WHAT IS REQUIRED – Among the entries below, one line contains "Nina Zilli al porto di Termoli" and another contains "Kids St patricks". Transcribe those two lines and every line between them, exactly.

INFORMATION PROVIDED –
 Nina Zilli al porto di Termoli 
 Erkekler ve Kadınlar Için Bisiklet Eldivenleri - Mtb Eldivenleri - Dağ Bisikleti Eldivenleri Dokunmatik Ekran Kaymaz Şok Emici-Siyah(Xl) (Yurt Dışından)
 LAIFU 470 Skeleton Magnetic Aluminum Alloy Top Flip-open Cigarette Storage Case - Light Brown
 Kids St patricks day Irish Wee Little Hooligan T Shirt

--

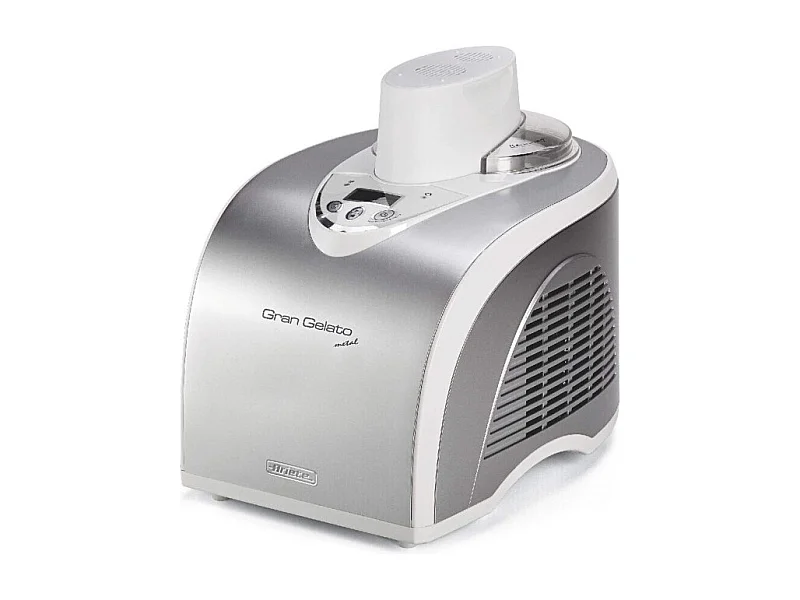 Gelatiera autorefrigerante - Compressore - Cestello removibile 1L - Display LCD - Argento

* * *

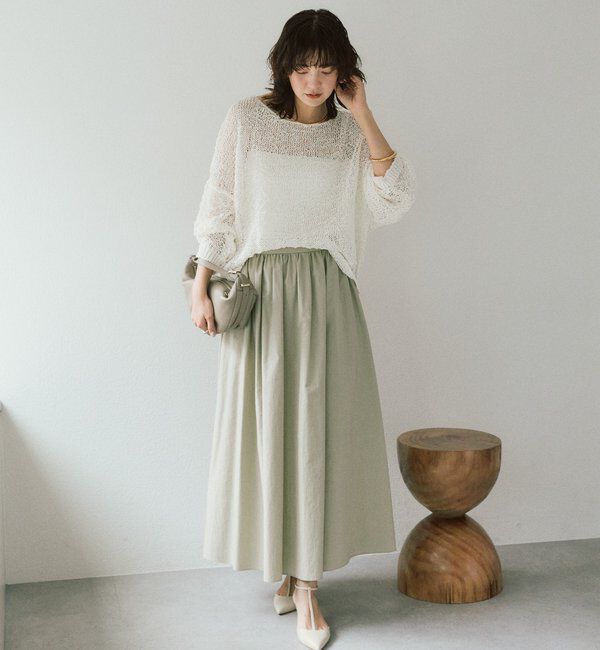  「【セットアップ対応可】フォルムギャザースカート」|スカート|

RESULT BELOW –
 Nina Zilli al porto di Termoli 
 Erkekler ve Kadınlar Için Bisiklet Eldivenleri - Mtb Eldivenleri - Dağ Bisikleti Eldivenleri Dokunmatik Ekran Kaymaz Şok Emici-Siyah(Xl) (Yurt Dışından)
 LAIFU 470 Skeleton Magnetic Aluminum Alloy Top Flip-open Cigarette Storage Case - Light Brown
 Kids St patricks day Irish Wee Little Hooligan T Shirt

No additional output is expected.